The Center verified that the Complaint satisfied the formal requirements of the Uniform Domain Name Dispute Resolution Policy (the “Policy” or “UDRP”), the Rules, and the WIPO Supplemental Rules for Uniform Domain Name Dispute Resolution Policy (the “Supplemental Rules”).
In accordance with the Rules, paragraphs 2(a) and 4(a), the Center formally notified the Respondent of the Complaint, and the proceedings commenced on September 21, 2010. In accordance with the Rules, paragraph 5(a), the due date for Response was October 11, 2010. The Respondent did not submit any response. Accordingly, the Center notified the Respondent’s default on October 11, 2010.
The Center appointed Kar Liang Soh as the sole panelist in this matter on October 15, 2010. The Panel finds that it was properly constituted. The Panel has submitted the Statement of Acceptance and Declaration of Impartiality and Independence, as required by the Center to ensure compliance with the Rules, paragraph 7.
4. Factual Background
The Complainant is a manufacturer of shoes and sneakers under the trademark FEIYUE. The trademark FEIYUE was first used for sneakers in the 1920s in Shanghai. With the setting up of the Complainant on December 15, 2005 as a French company, it has since established retail and distribution channels in various European cities, Australia, Hong Kong, Thailand, Indonesia, Malaysia, Singapore, South Africa, USA and Canada.
The Complainant owns the following trademark registrations incorporating a stylized “<<” device and the word “feiyue”, among others:
Jurisdiction Trademark No. Registration Date
United States 3253429 June 19, 2007
International 948536 November 14, 2007
European Union (CTM) 006362669 December 4, 2008
The Complainant is also the registrant of the domain name <feiyue-shoes.com> registered on November 18, 2005 which is used in connection with the Complainant’s activities including its online shop. The Complainant’s website shows prominent use of the stylized device and the word ”feiyue”.
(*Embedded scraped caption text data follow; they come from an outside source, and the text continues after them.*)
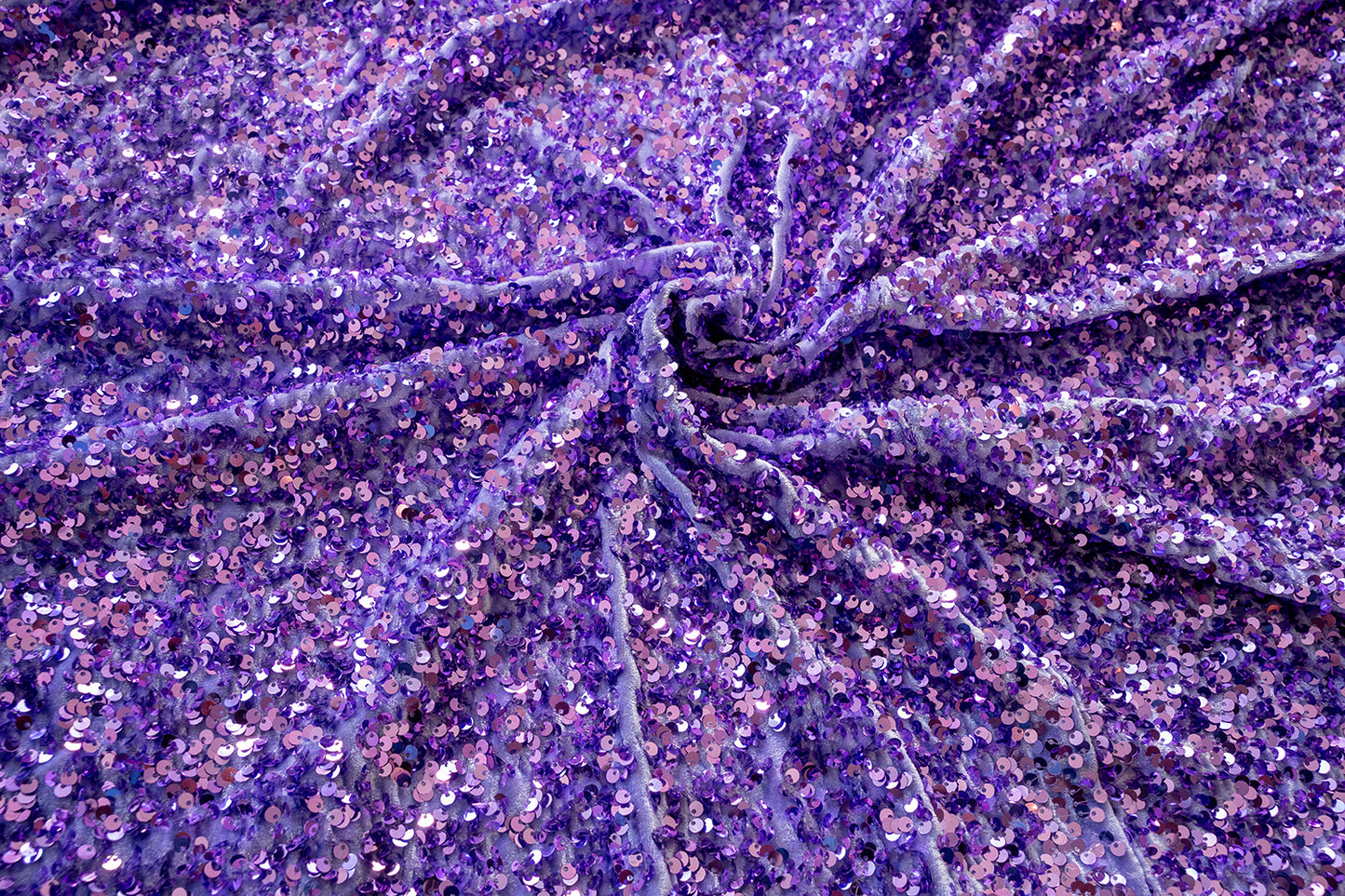 120" Round Sequin on Velvet Tableclothes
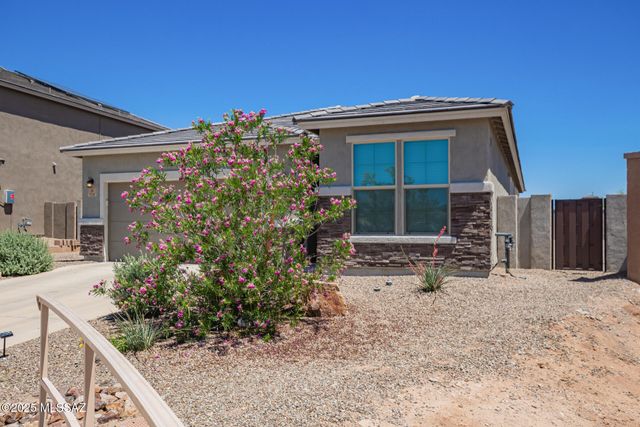 630 W Calle Las Varitas, Sahuarita, AZ 85629
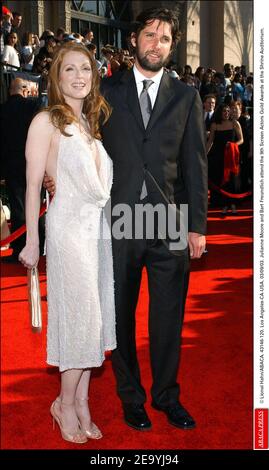 © Lionel Hahn/ABACA. 43146-120. Los Angeles-CA-USA. 03/09/03. Julianne Moore e Bart Freundlich partecipano al nono schermo attori Guild Awards al Shrine Auditorium. Foto Stock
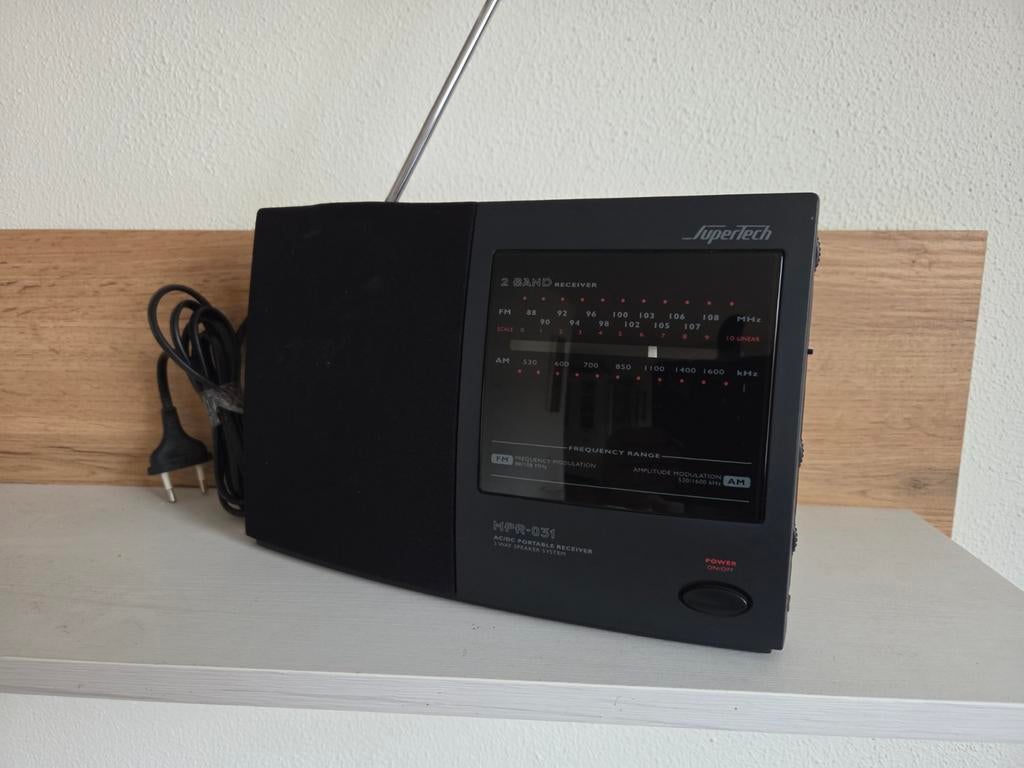Supertech mpr-031 draagbare radio am fm, Audio, Tv en Foto, Radio's, Ophalen of Verzenden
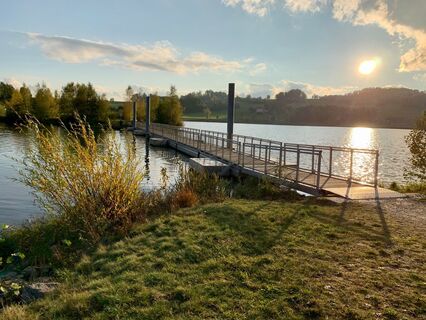 Schwimmender Steg am Drachensee
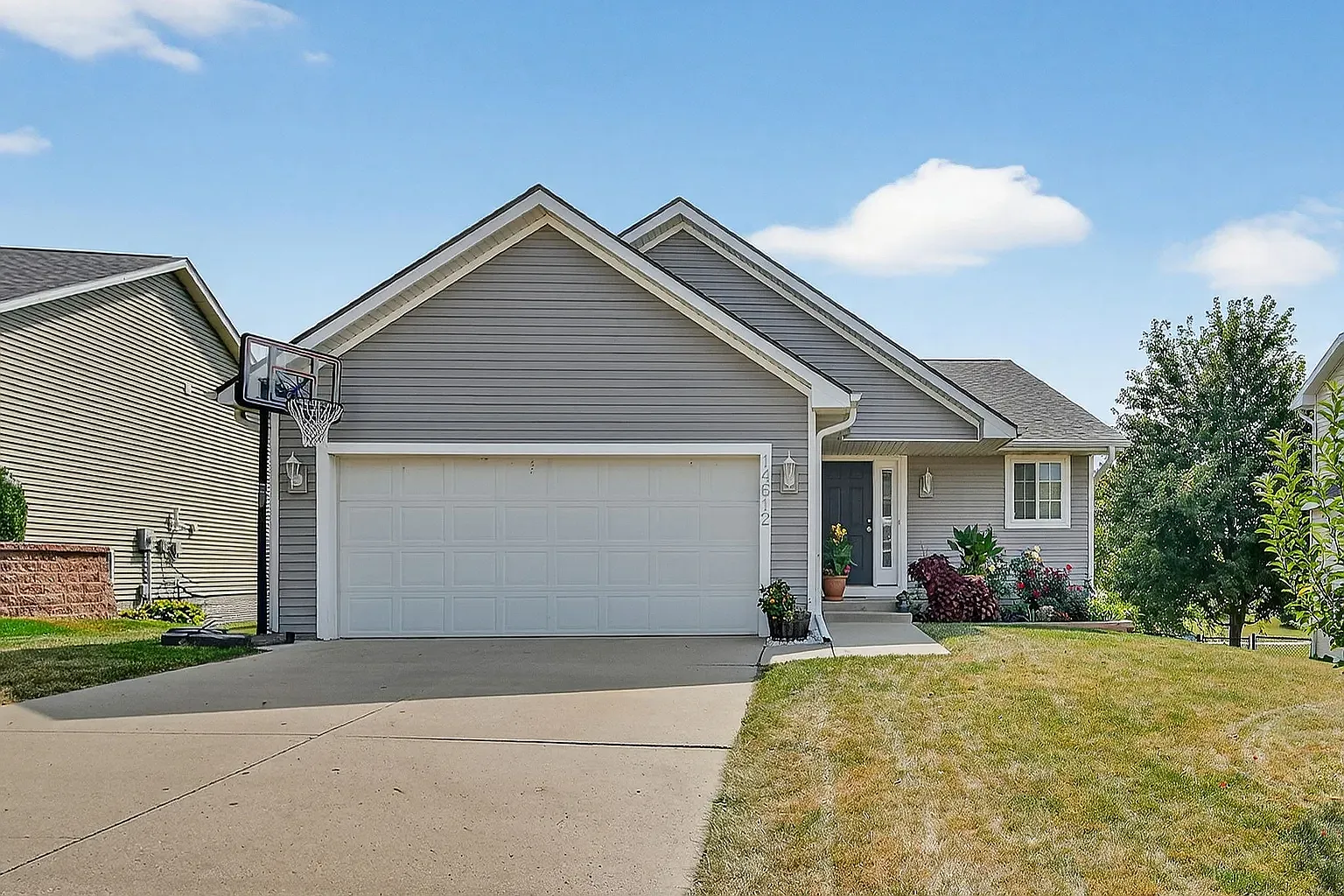 4 bed, 1427 sqft, $2,800 — Photo 2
Little is known about the Respondent other than the Disputed Domain Name which was registered on February 25, 2010, and the website which resolves from the Disputed Domain Name. The Disputed Domain Name resolves to a webpage with links which redirect to <warriorsneakers.com>. That webpage and the redirected pages appear to promote shoes under the trademark WARRIOR. Online shopping cart facilities are also provided.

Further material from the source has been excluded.